Hard disk drives (HDD) have been increasing the recording density of the magnetic disks on which data storage occurs. Correspondingly, the thin-film magnetic heads used to write and read that data have been required to improve their performance as well. The thin-film read/write heads most commonly in use are of a composite type, having a structure in which a magnetic-field detecting device, such as a giant-magnetoresistive (GMR) read sensor is used together with a magnetic recording device, such as an inductive electromagnetic coil. These two types of devices are laminated together and mounted on a rectangular solid prism-shaped device called a slider. The slider literally flies over the rotating surface of a disk while being held aloft by aerodynamic forces at a height called the fly height (FH). The read/write head is mounted in the slider where it serves to both read and write data signals, respectively, from and onto magnetic disks which are the usual magnetic recording media in a HDD. Typically, the magnetic writer portion of the read/write head is a small electrically activated coil that induces a magnetic field in a magnetic pole. The field, in turn, emerges at a narrow write gap (WG) and can change the direction of the magnetic moments of small magnetic particles, or groups of particles, embedded in the surface of the disk. If the embedded particles are embedded in such a way that their magnetic moments are perpendicular to the disk surface and can be switched up and down relative to the plane of that surface, then you have what is called perpendicular magnetic recording (PMR). The perpendicular arrangement produces a more densely packed region for magnetic recording.

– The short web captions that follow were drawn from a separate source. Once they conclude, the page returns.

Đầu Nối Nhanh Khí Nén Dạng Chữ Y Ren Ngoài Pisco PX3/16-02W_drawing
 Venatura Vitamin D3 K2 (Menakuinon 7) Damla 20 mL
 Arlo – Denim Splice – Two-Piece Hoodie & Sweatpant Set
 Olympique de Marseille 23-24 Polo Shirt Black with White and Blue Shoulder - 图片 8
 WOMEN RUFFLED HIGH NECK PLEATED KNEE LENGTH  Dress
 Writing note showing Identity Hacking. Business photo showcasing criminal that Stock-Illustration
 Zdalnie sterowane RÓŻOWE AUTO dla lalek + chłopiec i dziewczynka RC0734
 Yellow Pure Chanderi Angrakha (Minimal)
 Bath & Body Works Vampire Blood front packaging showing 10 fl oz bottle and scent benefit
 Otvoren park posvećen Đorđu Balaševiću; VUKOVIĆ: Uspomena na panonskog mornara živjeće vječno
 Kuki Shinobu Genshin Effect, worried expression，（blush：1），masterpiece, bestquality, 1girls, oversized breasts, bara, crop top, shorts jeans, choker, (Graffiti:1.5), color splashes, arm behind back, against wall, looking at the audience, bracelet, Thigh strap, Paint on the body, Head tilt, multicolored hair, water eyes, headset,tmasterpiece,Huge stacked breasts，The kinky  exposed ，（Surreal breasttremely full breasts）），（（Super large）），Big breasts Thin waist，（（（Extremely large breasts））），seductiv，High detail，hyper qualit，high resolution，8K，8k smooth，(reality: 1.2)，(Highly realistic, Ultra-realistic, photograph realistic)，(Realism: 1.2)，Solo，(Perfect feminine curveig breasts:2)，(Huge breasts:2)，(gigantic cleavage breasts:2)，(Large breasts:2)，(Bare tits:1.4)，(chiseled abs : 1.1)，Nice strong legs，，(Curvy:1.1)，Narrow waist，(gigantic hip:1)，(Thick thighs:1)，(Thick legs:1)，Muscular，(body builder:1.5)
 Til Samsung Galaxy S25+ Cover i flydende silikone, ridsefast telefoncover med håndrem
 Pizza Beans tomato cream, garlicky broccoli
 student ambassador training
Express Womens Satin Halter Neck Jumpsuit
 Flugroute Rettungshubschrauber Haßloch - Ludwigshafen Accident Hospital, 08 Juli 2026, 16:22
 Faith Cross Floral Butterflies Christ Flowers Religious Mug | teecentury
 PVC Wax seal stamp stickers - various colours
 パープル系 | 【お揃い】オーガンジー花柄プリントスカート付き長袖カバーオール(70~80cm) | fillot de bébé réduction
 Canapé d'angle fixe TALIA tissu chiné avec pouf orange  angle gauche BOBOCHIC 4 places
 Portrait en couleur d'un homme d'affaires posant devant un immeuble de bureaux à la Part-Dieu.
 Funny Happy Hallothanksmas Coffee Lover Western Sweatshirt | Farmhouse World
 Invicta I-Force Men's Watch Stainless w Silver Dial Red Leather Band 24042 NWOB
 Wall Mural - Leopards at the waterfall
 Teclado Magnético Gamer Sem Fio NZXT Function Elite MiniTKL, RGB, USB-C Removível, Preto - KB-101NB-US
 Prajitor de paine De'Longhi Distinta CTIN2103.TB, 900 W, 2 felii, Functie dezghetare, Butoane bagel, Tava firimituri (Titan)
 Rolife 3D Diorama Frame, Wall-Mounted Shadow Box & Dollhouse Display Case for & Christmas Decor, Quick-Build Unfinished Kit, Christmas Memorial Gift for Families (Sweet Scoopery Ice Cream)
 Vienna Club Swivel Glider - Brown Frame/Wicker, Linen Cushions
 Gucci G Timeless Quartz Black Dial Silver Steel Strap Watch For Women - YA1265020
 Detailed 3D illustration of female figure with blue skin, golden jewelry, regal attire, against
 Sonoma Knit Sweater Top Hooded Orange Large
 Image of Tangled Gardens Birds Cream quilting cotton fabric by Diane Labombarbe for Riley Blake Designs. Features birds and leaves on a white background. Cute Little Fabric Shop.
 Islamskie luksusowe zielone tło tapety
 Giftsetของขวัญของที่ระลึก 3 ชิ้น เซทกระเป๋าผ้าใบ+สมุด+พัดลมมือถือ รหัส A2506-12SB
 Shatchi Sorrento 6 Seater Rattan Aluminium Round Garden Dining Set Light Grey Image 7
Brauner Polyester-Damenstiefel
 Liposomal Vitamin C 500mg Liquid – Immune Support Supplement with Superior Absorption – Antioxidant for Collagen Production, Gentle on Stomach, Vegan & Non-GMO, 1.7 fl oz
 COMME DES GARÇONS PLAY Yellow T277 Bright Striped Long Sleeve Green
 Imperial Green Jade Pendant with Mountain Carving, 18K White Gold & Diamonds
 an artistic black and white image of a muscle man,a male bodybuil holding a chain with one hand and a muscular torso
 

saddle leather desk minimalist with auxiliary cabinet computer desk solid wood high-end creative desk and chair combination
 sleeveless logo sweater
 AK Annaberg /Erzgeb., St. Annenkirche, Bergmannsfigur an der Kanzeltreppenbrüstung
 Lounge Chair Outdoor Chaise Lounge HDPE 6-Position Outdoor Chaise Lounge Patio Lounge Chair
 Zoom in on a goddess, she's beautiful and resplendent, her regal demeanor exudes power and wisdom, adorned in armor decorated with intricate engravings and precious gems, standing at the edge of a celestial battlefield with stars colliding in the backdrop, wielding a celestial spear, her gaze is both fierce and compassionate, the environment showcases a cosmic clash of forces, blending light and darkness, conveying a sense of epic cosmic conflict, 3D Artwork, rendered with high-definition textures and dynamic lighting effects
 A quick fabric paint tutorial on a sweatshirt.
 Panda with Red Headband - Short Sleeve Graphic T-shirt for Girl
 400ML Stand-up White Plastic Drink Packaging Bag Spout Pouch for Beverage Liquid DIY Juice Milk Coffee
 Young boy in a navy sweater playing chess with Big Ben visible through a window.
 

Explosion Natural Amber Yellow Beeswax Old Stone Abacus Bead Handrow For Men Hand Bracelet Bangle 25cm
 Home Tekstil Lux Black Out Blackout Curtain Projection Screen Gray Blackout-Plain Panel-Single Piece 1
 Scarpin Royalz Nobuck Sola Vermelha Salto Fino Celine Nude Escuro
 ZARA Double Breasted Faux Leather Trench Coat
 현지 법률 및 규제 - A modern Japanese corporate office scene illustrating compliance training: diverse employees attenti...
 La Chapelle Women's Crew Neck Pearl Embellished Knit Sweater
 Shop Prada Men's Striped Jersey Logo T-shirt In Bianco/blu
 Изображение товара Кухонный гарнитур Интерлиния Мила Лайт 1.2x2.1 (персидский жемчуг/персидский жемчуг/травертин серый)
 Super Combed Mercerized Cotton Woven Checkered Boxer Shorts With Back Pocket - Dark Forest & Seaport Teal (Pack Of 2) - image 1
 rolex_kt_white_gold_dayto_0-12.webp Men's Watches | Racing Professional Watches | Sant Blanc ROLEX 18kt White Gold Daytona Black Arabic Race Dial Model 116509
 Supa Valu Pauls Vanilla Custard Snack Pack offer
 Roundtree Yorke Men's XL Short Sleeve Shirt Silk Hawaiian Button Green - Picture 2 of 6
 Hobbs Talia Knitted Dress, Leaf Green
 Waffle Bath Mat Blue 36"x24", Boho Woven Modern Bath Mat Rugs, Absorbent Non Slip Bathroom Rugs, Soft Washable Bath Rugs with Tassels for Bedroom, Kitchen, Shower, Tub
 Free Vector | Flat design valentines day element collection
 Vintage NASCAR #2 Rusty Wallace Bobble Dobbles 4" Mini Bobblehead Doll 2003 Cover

Perpendicular magnetic recording (PMR) heads have made it possible to extend the increase in the recording density of hard disk drives (HDD) beyond 100 Gb/in2 (100 gigabytes per square inch) However, even using PMR heads, it is difficult to extend the density beyond 1 Tb/in2 due to thermal instabilities and the media's super-paramagnetic limit (the inability to maintain a stable domain structure). In order to achieve a higher recording density, a new technology has been developed: Thermally Assisted Magnetic Recording (TAMR). Briefly, the media that are now used to record at these ultra-high densities must have extremely high coercivities so that data, once it is recorded, can remain stable even when subjected to thermal effects. Unfortunately, the high coercivities required to maintain the data once it is recorded, also makes it difficult for the small PMR heads to provide the necessary flux to actually record that data. One way to record on highly coercive media, is to heat the recording media during the actual recording process so that it reaches its Curie temperature, temporarily reducing its coercivity and then to record the data on the heated surface. When the surface cools, the coercivity is restored to its ambient value and the recorded data is thermally stabilized.
A typical TAMR recording apparatus is furnished with a PMR read/write head configured to transfer optical energy to the surface of a magnetic recording disk having high coercivity and, for the TAMR operational portion, a laser diode to provide optical energy in the form of optical radiation, an optical waveguide to transfer that radiation towards the ABS of the head where it gets close to the recording surface, and a plasmon near-field generator located near that ABS. The plasmon generator is a device that receives the optical radiation from the waveguide, converts it to plasmon modes by electromagnetic coupling and then transfers energy from the plasmon near-fields to a small region of the recording media through the write head portion of the PMR read/write head. The localized near-field energy appears as a near-field spot at the tip of the plasmon generator's air bearing surface (ABS), which is located just below the trailing edge side of the magnetic pole tip. This tiny near field spot, which is not subject to diffraction effects, induces a very localized temperature rise in the recording media to assist the magnetic writing. At the same time, however, the near-field energy induces a very sharp or localized thermal protrusion on the recording head that causes many undesirable issues that should be dealt with. It will be the object of this disclosure to deal with certain of those issues.